Iowa State University (ISU) Culinary CYentists’ Japanese and Korean influenced pork blade steak cooked in a sweet and spicy gochujang sauce brought home top honors in this year’s student Taste competition hosted by the Iowa Pork Producers Association (IPPA).

Chefs Jaelyn Luong, Des Moines; Izabele Jaime, Mason City; Evelyn Greenbury, Arlington Heights, Illinois; and Lucas Brown, Des Moines, prepared a Japanese noodle soup topped with the pork blade steak and gochujang sauce along with enoki mushrooms, a soy-marinated egg, kimchi (Korean dish of spicy pickled cabbage), green onions and toasted sesame seeds — a winning dish judges called the most flavorful entrée of the day.

“It was the most tender pork blade steak that we all tasted,” said judge Jesus Ojeda with Clive Behavioral Health. 

Ojeda took the premier prize in the IPPA’s professional Taste competition in January, creating his own braised pork blade steak entrée with Yukon mashed potatoes fused with chorizo, and sauteed mushrooms and asparagus.

“The pork was done perfectly. The students really put a lot of thought into what they were cooking,” Ojeda said.

Ames influence

Held at the Iowa Culinary Institute at Des Moines Area Community College (DMACC) in Ankeny, culinary students from four Iowa colleges and universities were challenged to create their tastiest pork blade steak dish. 
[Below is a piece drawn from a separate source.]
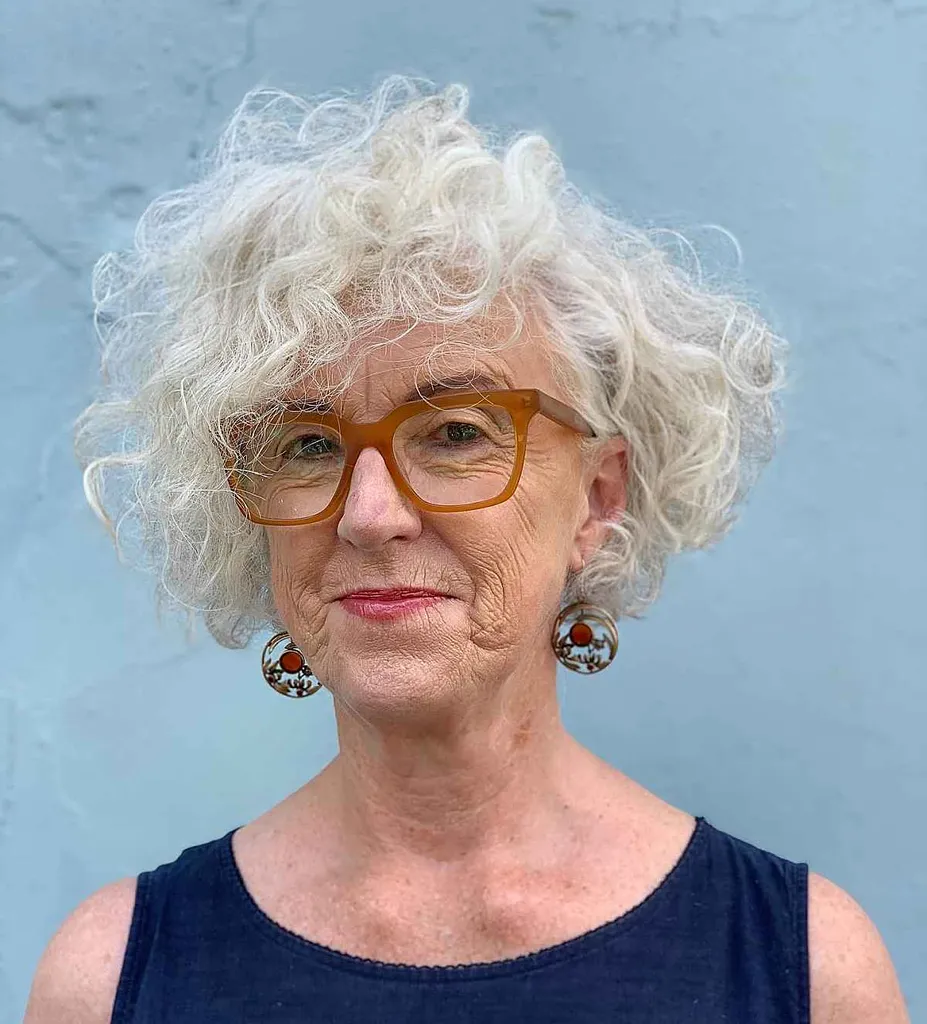 סלסול חמוד לנשים מעל גיל 60' title=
Provided two hours in the kitchen to prepare their recipes and present them to the judges, the teams, consisting of two to four students, prepared entrées that were judged on taste, appearance, complementing side dishes and design.

It was the second year ISU students Jaime and Greenbury had participated in the competition, with teammates Brown and Luong joining them as first-year students. Competing last year was a definite benefit in preparation for this year’s competition, they said.
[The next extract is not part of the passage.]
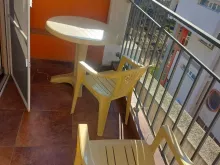 стол со стульями на террасе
“This year we came in knowing we needed good communication skills,” said Jaime. “We needed to take the feedback we got last year into this year’s dish. Communication played a really big role today because we all worked well together, down to the last minute.”

Greenbury said their dish was inspired by a popular Ames restaurant ISU students love that serves Japanese and Korean influenced dishes. “Korean barbecue has been super popular lately,” said Greenbury. “We wanted to do a little Japanese influence in the dish, with some Korean added in.”

The group also found ways to take tidbits from their classes and apply them in the kitchen. Recently learning about the function of sugar, Greenbury explained, “We tried adding sugar to our gochujang sauce, and that made it stick to our pork steak better, when it hadn’t before. Learning about the science of it all and applying it has been fun.”


Student competition

Joining Ojeda as judges were Adam Darland of Knoxville, a long-time chef and instructor at Indian Hills Community College who now is food and beverage director for Wesley Life in Pella, and Steve Kerns, a purebred Berkshire and Magtalitsa pig farmer from Clearfield in Taylor County.

Judges selected The Spice Girls, a team from Iowa Western Community College, Council Bluffs, as runner-up. Team members McCartney Sanny, Oakland; Evelyn Martinez, Council Bluffs; Alayna Chapman, Polo, Missouri; and Yazmyn Sanchez, Omaha, prepared Mexican-inspired fajitas featuring citrus-marinated pork from Gettler Farms in Red Oak.

Third-place was awarded to the Rowdy Parsnips from Kirkwood Community College in Cedar Rapids. Students Katie Murdock, Anamosa, and Victoria Fox, North Liberty, prepared pork blade steak roulade, rolled around an oyster mushroom and pine nut filling.

Teams from DMACC also participated in this year’s contest.

building pork demand

Kelsey Sutter, IPPA’s marketing and program director, said this year’s competition was a success.

“These aspiring chefs help make the pork industry successful,” Sutter said. “This competition is a learning opportunity and hopefully encourages them to serve pork wherever their careers take them.”

Each member of the winning team was awarded $100 from IPPA. In addition, ISU’s culinary food service program received $750 for scholarships or educational supplies. 

Second-place students earned $50 from IPPA, and their school received an additional $500, while third-place students received $25 each and $250 for the school.

Ojeda said he couldn’t have been more thrilled to be part of the competition day. He’s excited for the aspiring chefs’ futures.

“I love to cook, I love to teach, and I love to share what I know,” said Ojeda. “

“All of the dishes were really good. This is a great event.”